==== Data for this exercise ====

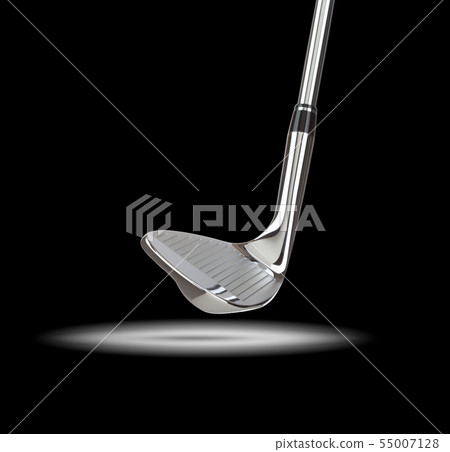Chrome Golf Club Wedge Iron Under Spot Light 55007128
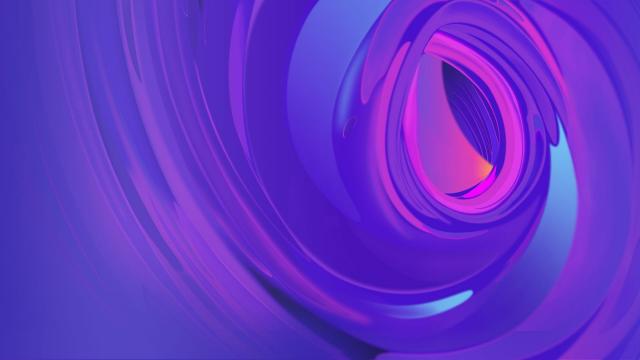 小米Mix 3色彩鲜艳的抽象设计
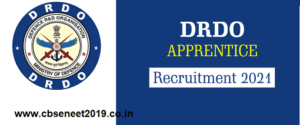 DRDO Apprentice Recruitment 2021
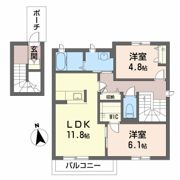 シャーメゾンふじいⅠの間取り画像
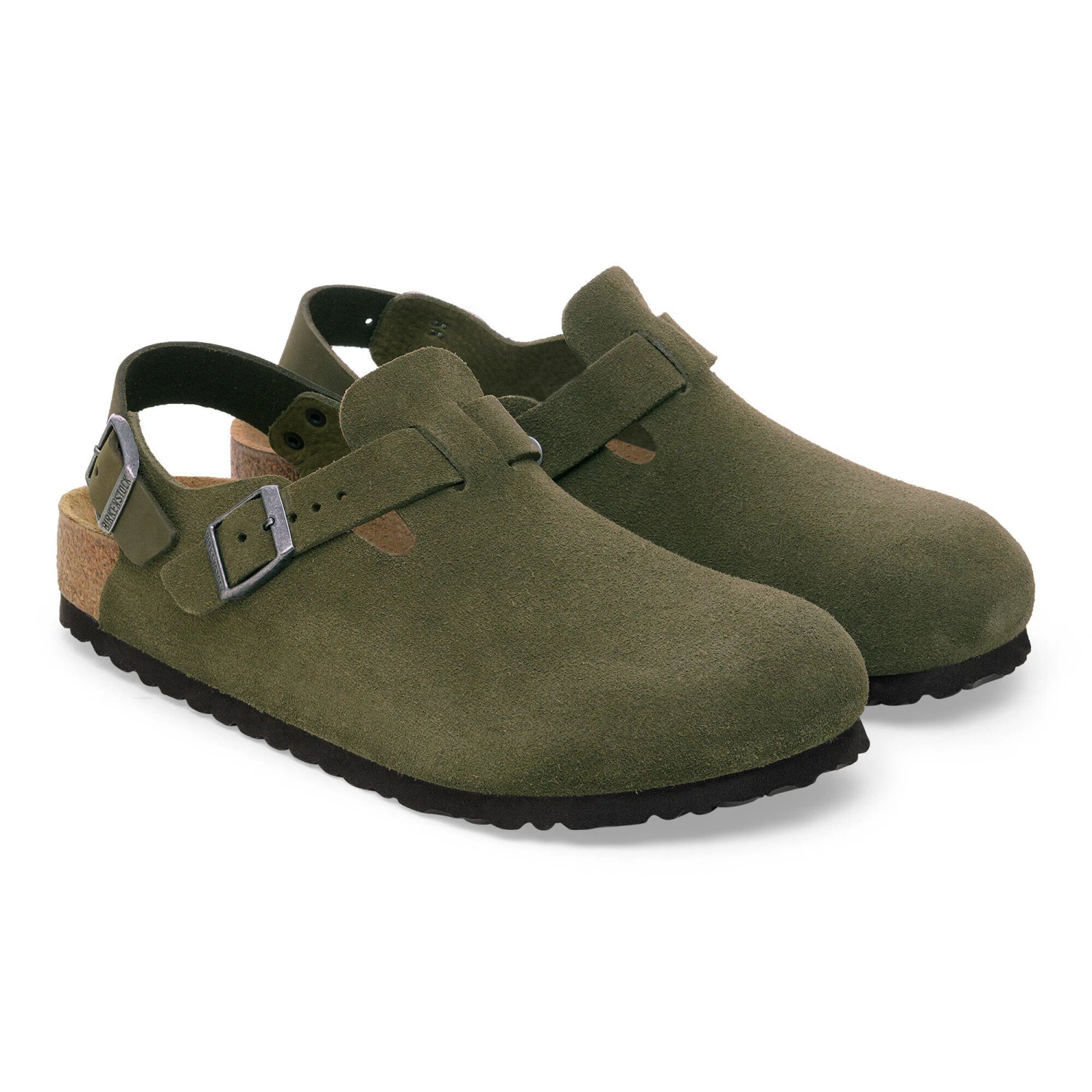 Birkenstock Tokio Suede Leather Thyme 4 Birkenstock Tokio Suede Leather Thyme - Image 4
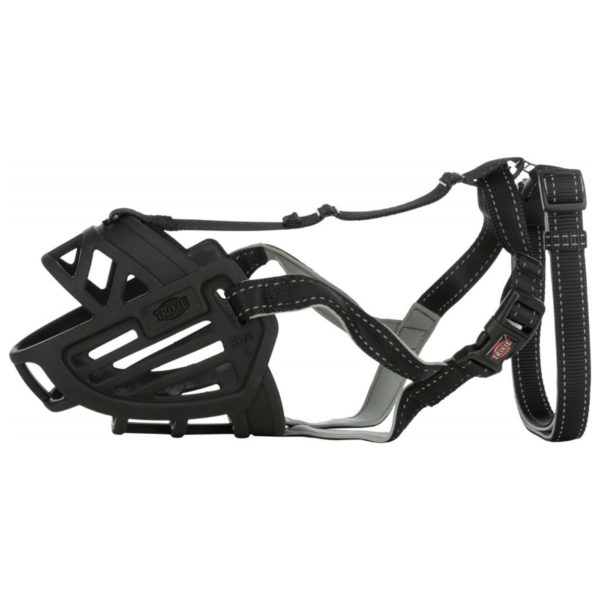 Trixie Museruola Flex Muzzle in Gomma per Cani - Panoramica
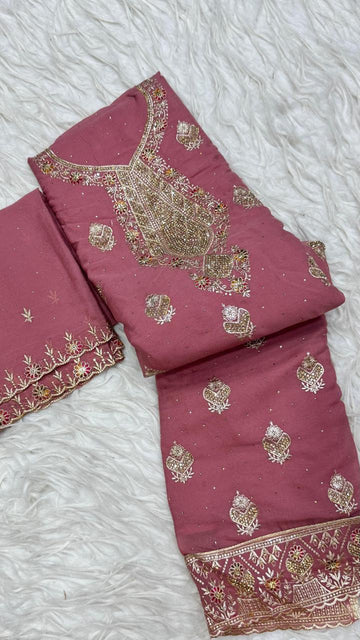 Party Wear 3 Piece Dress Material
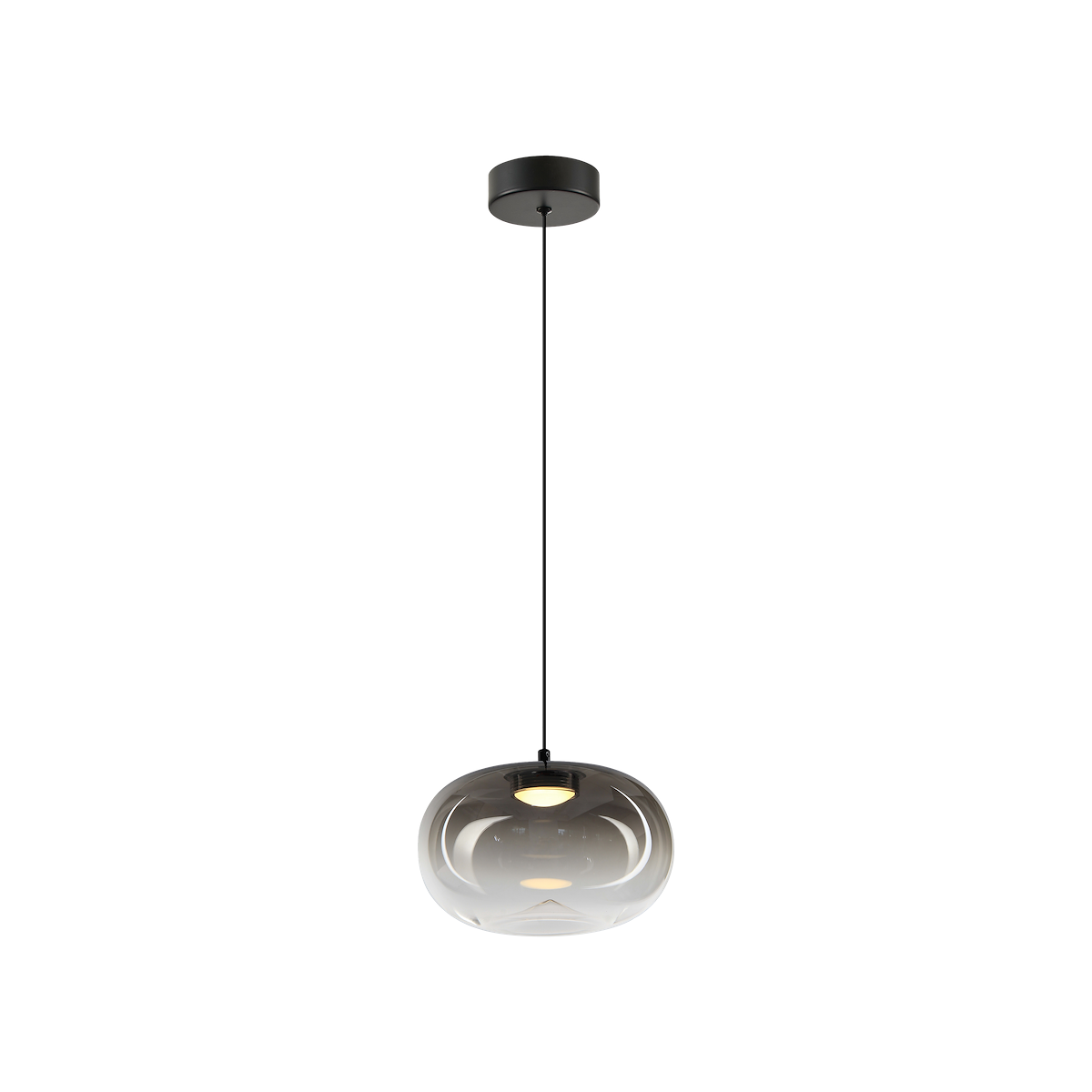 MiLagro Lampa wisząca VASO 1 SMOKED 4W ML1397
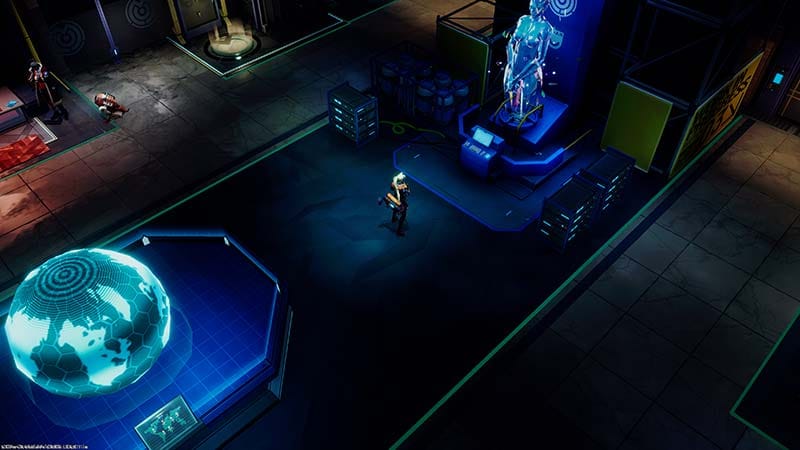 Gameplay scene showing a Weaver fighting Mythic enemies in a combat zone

====

→ Instructions to follow
All lines after and including the one with "Birkenstock Tokio Suede Leather Thyme 4", through the end of the entries above, should be output exactly and by themselves. The pictures are to be left out.

→ Solved exercise
 Birkenstock Tokio Suede Leather Thyme 4 Birkenstock Tokio Suede Leather Thyme - Image 4
 Trixie Museruola Flex Muzzle in Gomma per Cani - Panoramica
 Party Wear 3 Piece Dress Material
 MiLagro Lampa wisząca VASO 1 SMOKED 4W ML1397
 Gameplay scene showing a Weaver fighting Mythic enemies in a combat zone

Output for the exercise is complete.